Determining the Constant C

Since \( y = F(0) \) when \( x = 0 \), and we found that \( F(0) = 0 \), substitute these into the equation:\[ 0 = \frac{0^5}{5} + 0 + C \].Thus, \( C = 0 \). Therefore, the solution is \[ y = \frac{x^5}{5} + x \].

Evaluating Definite Integral \( \int_{0}^{1}(x^4 + 1) \, dx \)

To show \( \int_{0}^{1}(x^4 + 1) \, dx = \frac{6}{5} \), evaluate the integral:\[ \int_{0}^{1}(x^4 + 1) \, dx = \left[ \frac{x^5}{5} + x \right]_{0}^{1} \].Calculate this by evaluating the antiderivative at 1 and subtracting the evaluation at 0:- For \( x = 1 \), \( \frac{1^5}{5} + 1 = \frac{1}{5} + \frac{5}{5} = \frac{6}{5} \).- For \( x = 0 \), \( \frac{0^5}{5} + 0 = 0 \).Thus, \( \int_{0}^{1}(x^4 + 1) \, dx = \frac{6}{5} - 0 = \frac{6}{5} \).

Key concepts

Definite Integral

Definite integrals provide a way to calculate the area under a curve over a specific interval. In our problem, the function is \(t^4 + 1\), and we are asked to evaluate the integral from 0 to 1. This is written as \(\int_{0}^{1} (x^4 + 1) \, dx\). A definite integral has two boundaries: a lower limit (0 in this case) and an upper limit (1 in this case).

To calculate a definite integral, we first need to find the antiderivative of the function. This is a function whose derivative is the integrand \((x^4 + 1)\). In this context, the antiderivative is \(\frac{x^5}{5} + x\).

Next, we evaluate this antiderivative at the upper and lower limits and subtract the results:

• At \(x = 1\), the antiderivative becomes \(\frac{1^5}{5} + 1 = \frac{6}{5}\).
• At \(x = 0\), it becomes \(0\). The area under the curve is then \(\frac{6}{5} - 0 = \frac{6}{5}\).

This gives the total accumulated value of the function from 0 to 1.

Differential Equations

Differential equations involve functions and their derivatives. They help describe various physical phenomena, such as population growth or cooling laws, through rates of change. In this exercise, we have the differential equation \(dy/dx = x^4 + 1\), which we need to solve.

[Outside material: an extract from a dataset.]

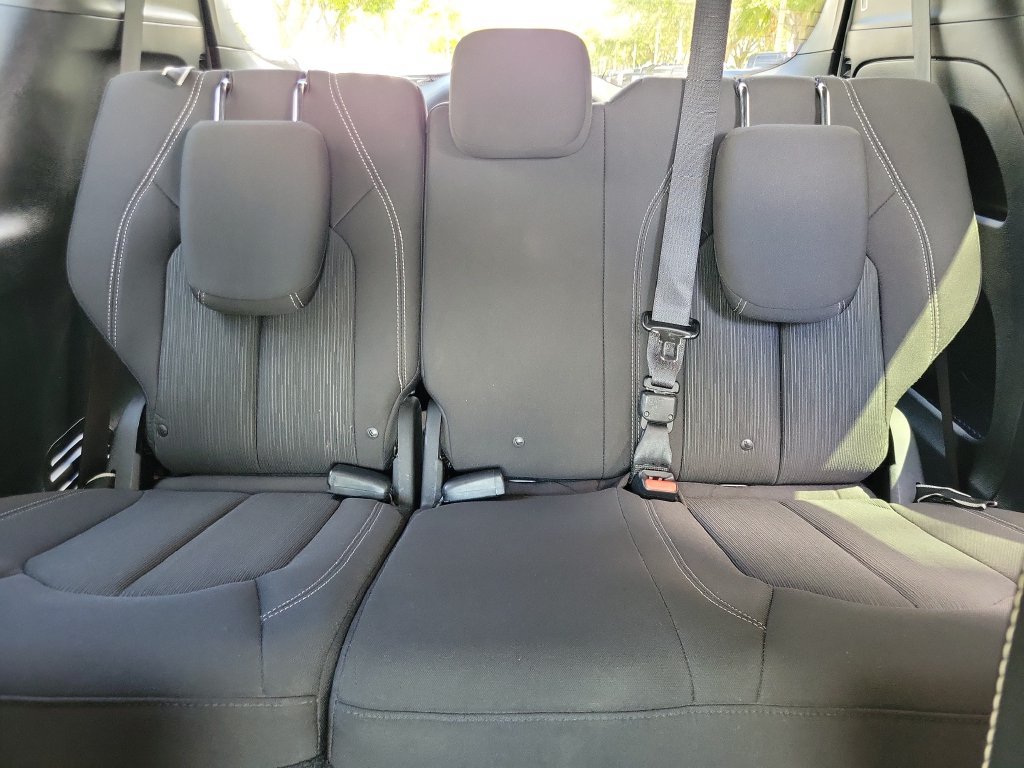 Used 2018 Chrysler Pacifica Touring Plus w/ S Appearance Package FWD image 12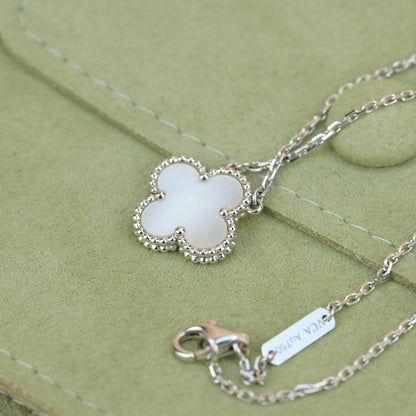 [Sophire Jewelry ]CLOVER  15MM WHITE MOTHER-OF-PEARL SILVER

The solution involves reevaluating the equation to find the function \(y\) by reversing the process of differentiation, that is by integration. By integrating \(x^4 + 1\) with respect to \(x\), we obtain:

• \(y = \int (x^4 + 1) \, dx = \frac{x^5}{5} + x + C\)

where \(C\) is the constant of integration that we find in another step.

This integral provides us with a family of solutions that satisfy the original differential equation.

Constant of Integration

When integrating a function, an important final step is adding the constant of integration, denoted as \(C\). This constant accounts for all the possible vertical shifts in the graph of the antiderivative because the derivative of a constant is zero, making it invisible in the original differential equation.

In our specific case, after finding \(y = \frac{x^5}{5} + x + C\), we used the initial condition \(y = F(0) = 0\) when \(x = 0\) to solve for \(C\).

• Substituting these values gave us: \(0 = \frac{0^5}{5} + 0 + C\), which simplifies to \(C = 0\).

Thus, the specific solution becomes \(y = \frac{x^5}{5} + x\).

Finding the correct \(C\) is crucial as it allows us to find the specific solution to a problem within a family of solutions.